Eagle Hill. A girl at olds boards at Eagle Hill, it's apparently very nice. That's all I know.

Bahaha. When chore week comes, you won't want to ride.


----------



## albertaeventer (Feb 5, 2013)

There are lots of places to board around Olds. Depends on what you are looking for. If you are wanting an indoor arena there are several, Mane Attraction Stables is probably the closest to the college, there's Eagle Hill, Horse Abode, Wachter Horses (REALLY nice jumper barn), and Vonavet Stables. This page has a few more suggestions as well if you haven't seen it yet: Equine_Program_Information The english instructor Cathy Chalack also has a lovely barn just south of Olds near Carstairs. Two Jack Farm is also in the Carstairs area.

If you are looking for just a pasture or more of an informal place, there is definitely lots of more private places to choose from if you look, but then you are rarely going to be able to ride, especially in the winter. With it getting dark so early and the lack of an indoor, you are going to be very limited in what you can actually do. Just on weekends will pretty much be your only time to get out to your horse in the daylight.

I took the equine program in Olds about 10 years ago and boarded my guy at Vonavet Stables when I was there. It worked great for me, it's about 15 mins from Olds, very reasonable prices and they are great people. That said, college is crazy busy and there were definitely a lot of times that I went several weeks without getting out to the barn just due to school/homework/chores etc. It's already a crazy busy schedule before adding your own horse into the mix, but you can make it work if you are very organized and dedicated. Personally, I probably wouldn't do it again. It was extremely difficult to try make time for everything, and I was horribly guilty about not seeing my horse when I was swamped with homework/exams/chores etc. He was fine of course, but still. Your priority first and foremost should be school, ultimately that's what you're forking out thousands of dollars for!

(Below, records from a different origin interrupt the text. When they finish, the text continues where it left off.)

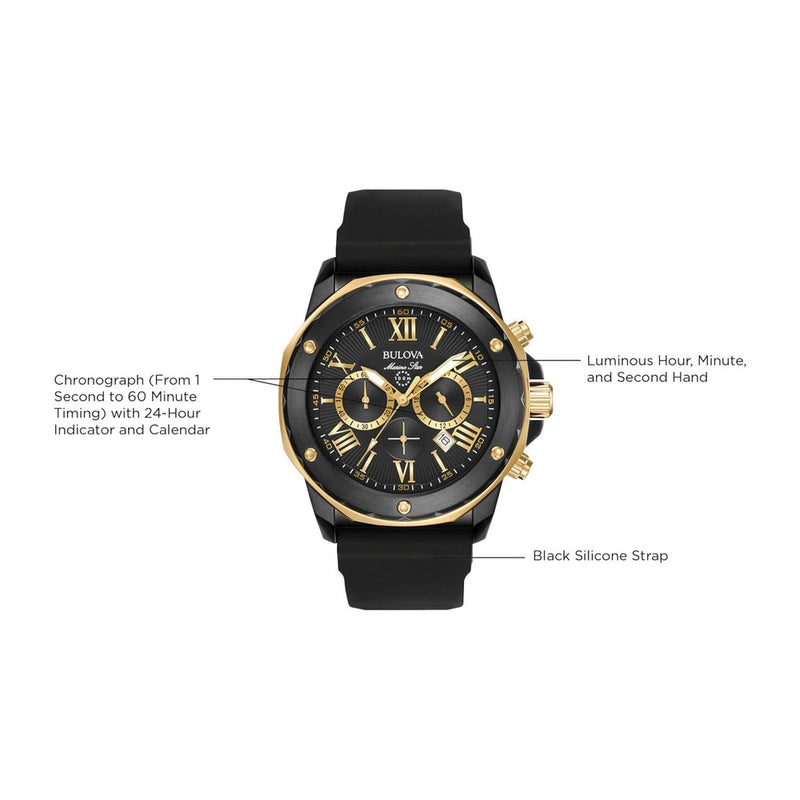 Reloj de cuarzo Bulova Marine Star Series A con cronógrafo, acero inoxidable ionizado en oro negro/rosa, correa de silicona negra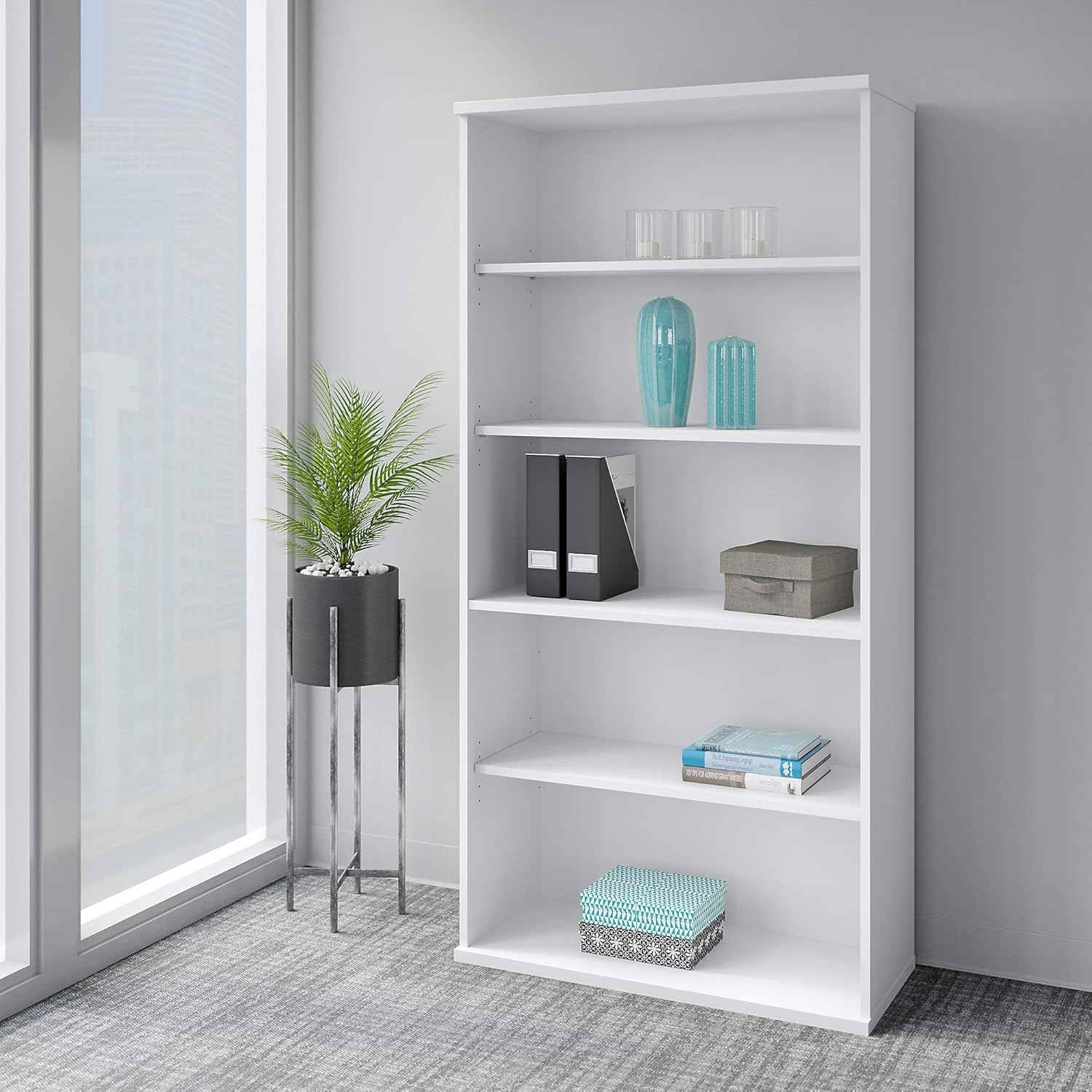 White 5 Shelf Bookcase U86563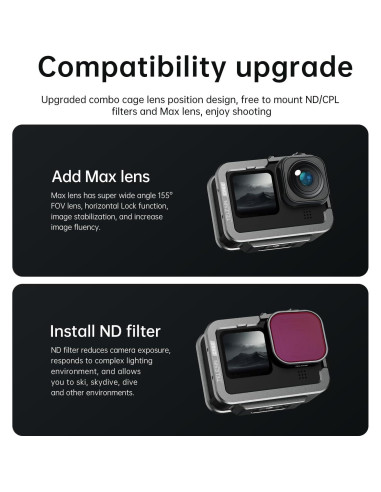 Caja de Aluminio TELESIN para GoPro Hero 13 12 11 10 9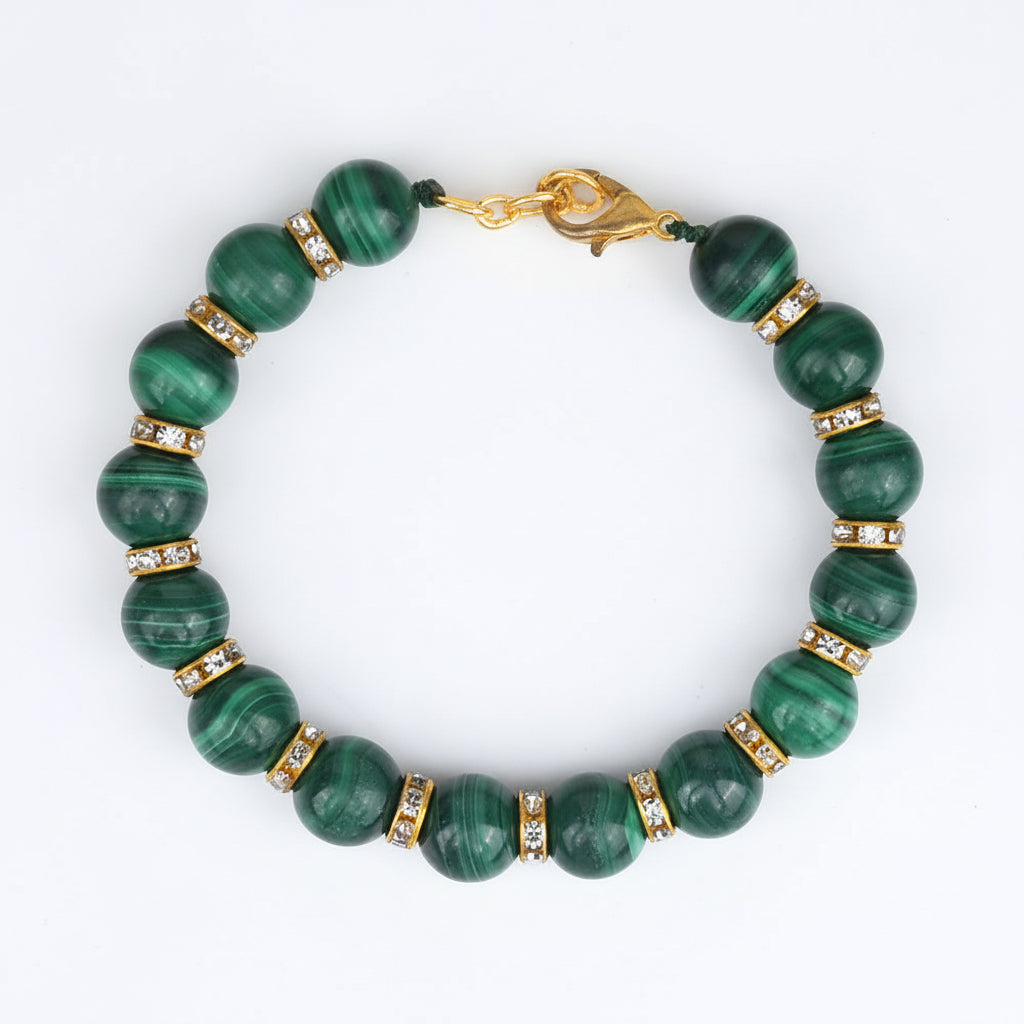 Malachite Diamond Chakri Bracelet-8 mm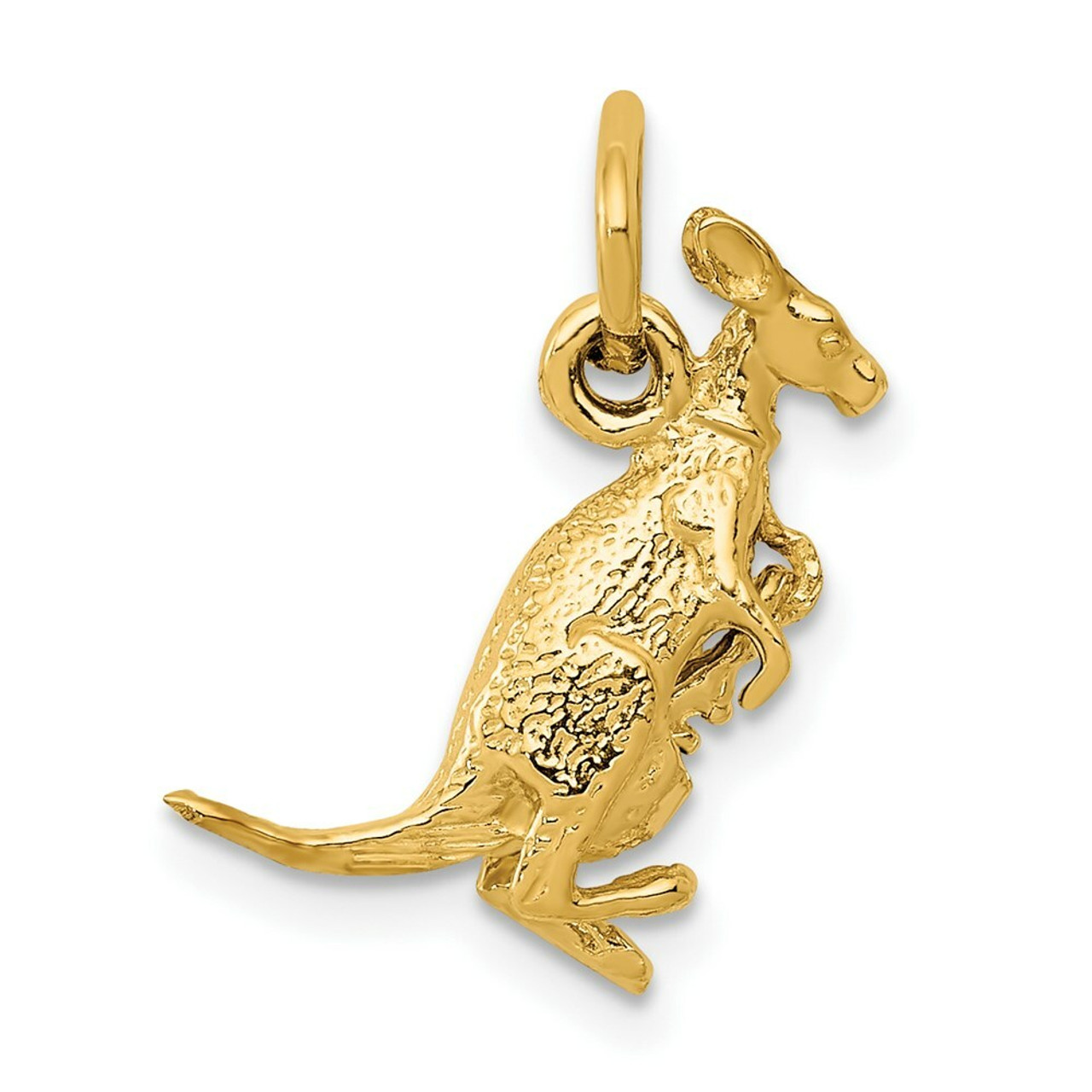 14K Yellow Gold Kangaroo with Joey Charm - (A82-456)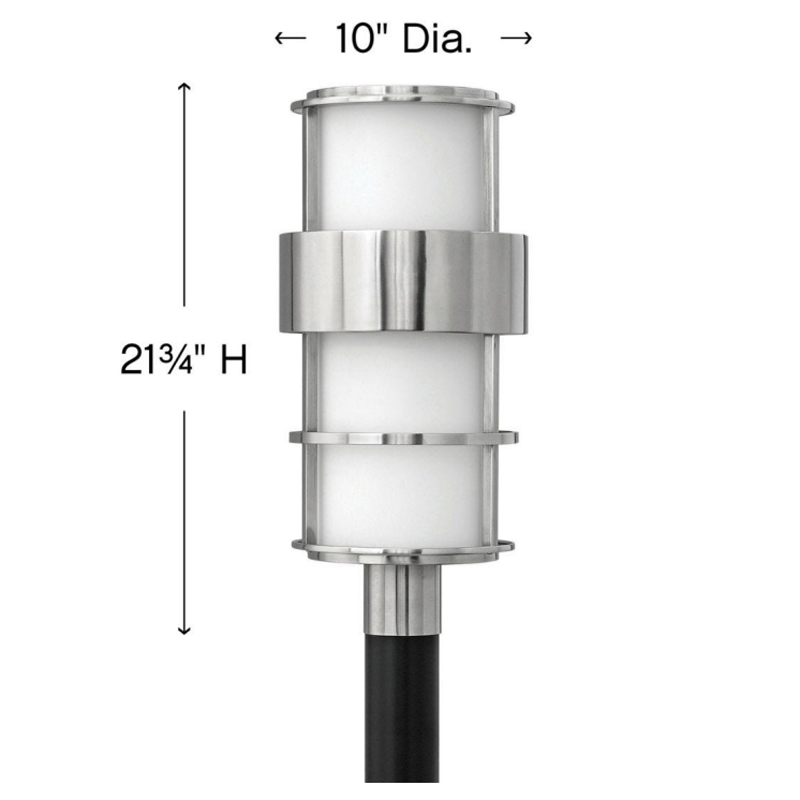 Hinkley Saturn 120V Outdoor Post / Pier Mount with Opal Glass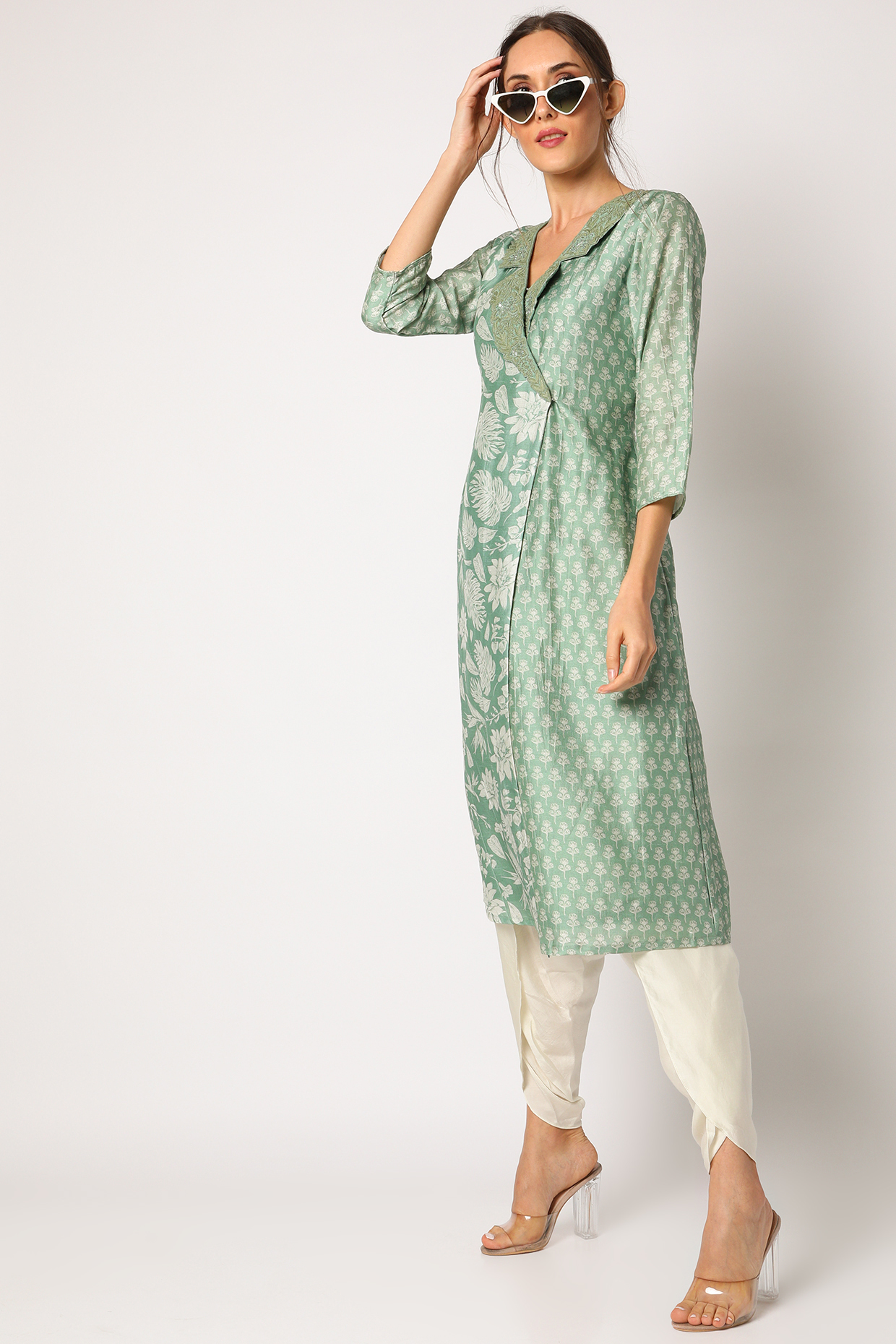 Green Embroidered & Printed Blazer Kurta Set by Suave by Neha & Shreya at Pernia's Pop Up Shop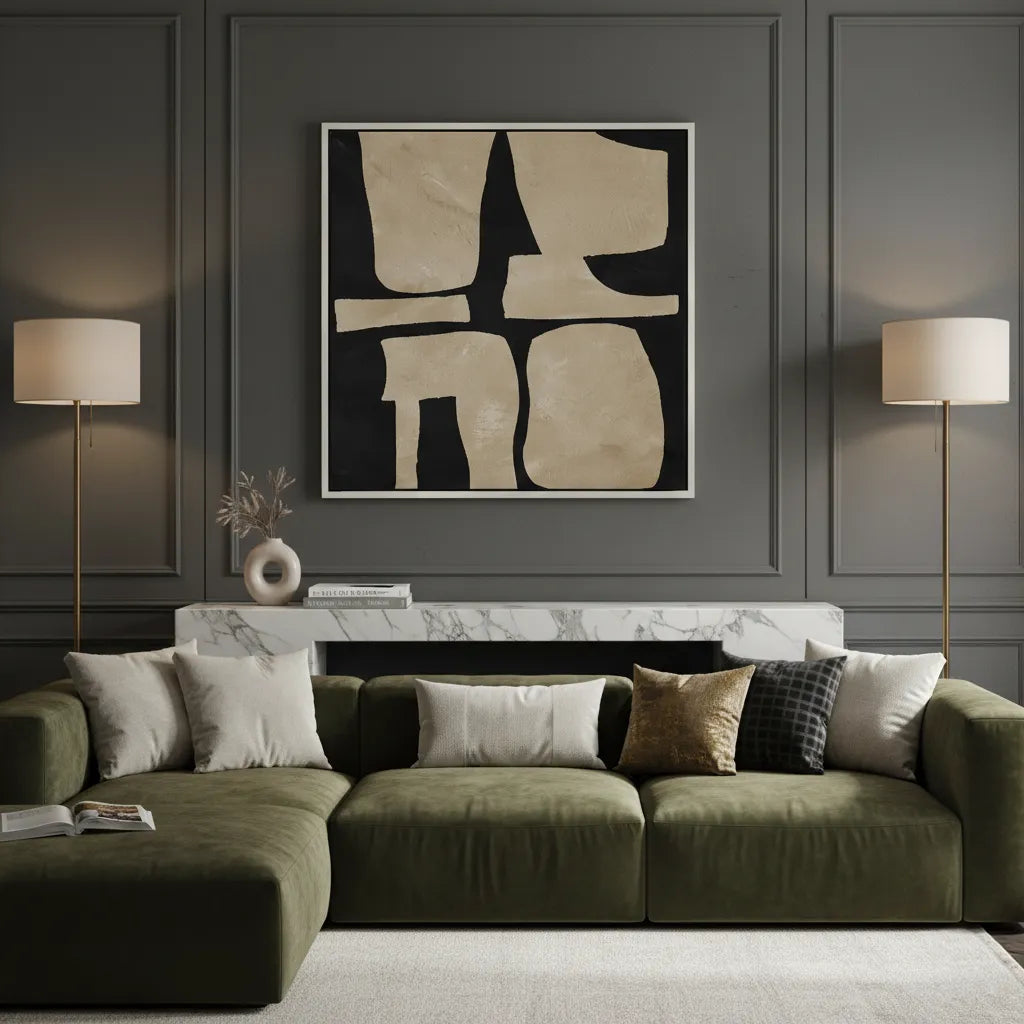Modern Tan Geometric  - Canvas - Jasmineart.ae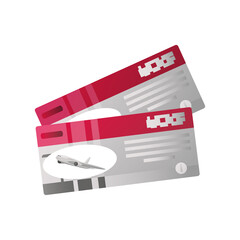 summer vacation travel, boarding passes tickets for traveling by plane detailed style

Are you planning on staying out here after college? If you are going to ship your horse out, just to ship it back home, I might consider if all those shipping and boarding costs will really be worth it just to be able to ride *maybe* a couple times a week. Lots to consider for sure! I hope this helps, anyways


----------



## EdmontonHorseGirl (Oct 9, 2013)

http://www.wildtimberranch.com/

I bought my mare from them (tell them Lucy's owner sent you!) and they are super friendly, horses well taken care of. Lots of trails (they do competitive trail rides in the summer at their place). About 20 minutes from Olds.


----------